Extracted data entries

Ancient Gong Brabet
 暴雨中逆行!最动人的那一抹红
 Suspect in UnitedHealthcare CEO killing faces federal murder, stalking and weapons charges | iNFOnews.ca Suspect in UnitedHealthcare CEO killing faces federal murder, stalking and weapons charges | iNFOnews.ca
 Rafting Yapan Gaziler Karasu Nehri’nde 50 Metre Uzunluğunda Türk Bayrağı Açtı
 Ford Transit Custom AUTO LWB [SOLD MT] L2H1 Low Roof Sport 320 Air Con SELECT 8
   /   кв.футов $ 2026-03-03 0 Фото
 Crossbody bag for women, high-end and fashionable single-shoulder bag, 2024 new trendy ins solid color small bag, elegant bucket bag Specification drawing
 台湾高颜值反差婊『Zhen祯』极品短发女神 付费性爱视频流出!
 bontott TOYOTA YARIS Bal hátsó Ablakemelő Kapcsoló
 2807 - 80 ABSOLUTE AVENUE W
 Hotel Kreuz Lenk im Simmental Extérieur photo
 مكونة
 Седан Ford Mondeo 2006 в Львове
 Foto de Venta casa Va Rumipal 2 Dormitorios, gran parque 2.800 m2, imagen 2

### INSTRUCTIONS FOR THE TASK
What should come out is the exact run of lines from the one holding "Rafting Yapan Gaziler" through the end of the records above, and nothing besides.

### YOUR RESPONSE
 Rafting Yapan Gaziler Karasu Nehri’nde 50 Metre Uzunluğunda Türk Bayrağı Açtı
 Ford Transit Custom AUTO LWB [SOLD MT] L2H1 Low Roof Sport 320 Air Con SELECT 8
   /   кв.футов $ 2026-03-03 0 Фото
 Crossbody bag for women, high-end and fashionable single-shoulder bag, 2024 new trendy ins solid color small bag, elegant bucket bag Specification drawing
 台湾高颜值反差婊『Zhen祯』极品短发女神 付费性爱视频流出!
 bontott TOYOTA YARIS Bal hátsó Ablakemelő Kapcsoló
 2807 - 80 ABSOLUTE AVENUE W
 Hotel Kreuz Lenk im Simmental Extérieur photo
 مكونة
 Седан Ford Mondeo 2006 в Львове
 Foto de Venta casa Va Rumipal 2 Dormitorios, gran parque 2.800 m2, imagen 2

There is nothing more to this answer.